## About this exercise
Retype exactly what appears below from the line containing "FÖRSTER - Rustikale" down to the line containing "Abstract blue and", keeping both end lines. Do not include pictures.
--- Raw data ---
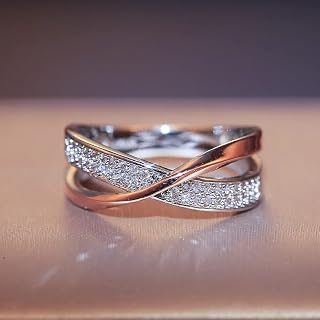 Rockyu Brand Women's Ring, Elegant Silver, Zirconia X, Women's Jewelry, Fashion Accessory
---
--- Raw data ---
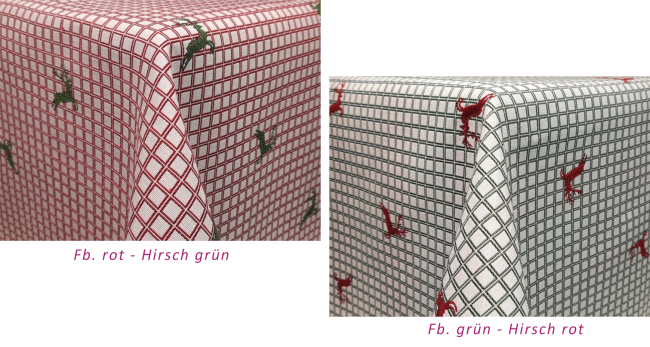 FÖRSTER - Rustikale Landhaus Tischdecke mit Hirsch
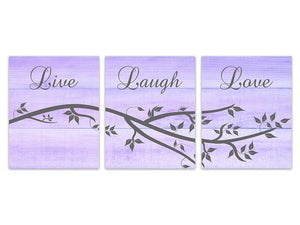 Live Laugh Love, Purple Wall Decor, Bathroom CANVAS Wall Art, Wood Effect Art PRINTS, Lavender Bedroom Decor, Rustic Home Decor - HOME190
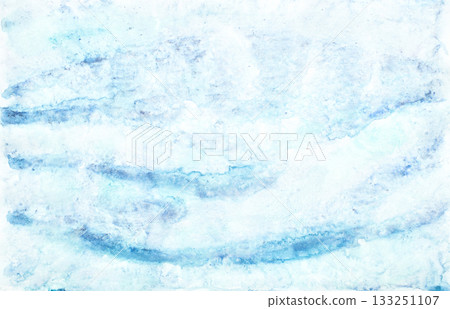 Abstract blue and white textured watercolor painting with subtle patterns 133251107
---
--- Raw data ---
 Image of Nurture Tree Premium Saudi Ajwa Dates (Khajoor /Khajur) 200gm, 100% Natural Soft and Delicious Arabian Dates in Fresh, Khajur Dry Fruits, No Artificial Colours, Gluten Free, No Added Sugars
---
## Solution for this problem
 FÖRSTER - Rustikale Landhaus Tischdecke mit Hirsch
 Live Laugh Love, Purple Wall Decor, Bathroom CANVAS Wall Art, Wood Effect Art PRINTS, Lavender Bedroom Decor, Rustic Home Decor - HOME190
 Abstract blue and white textured watercolor painting with subtle patterns 133251107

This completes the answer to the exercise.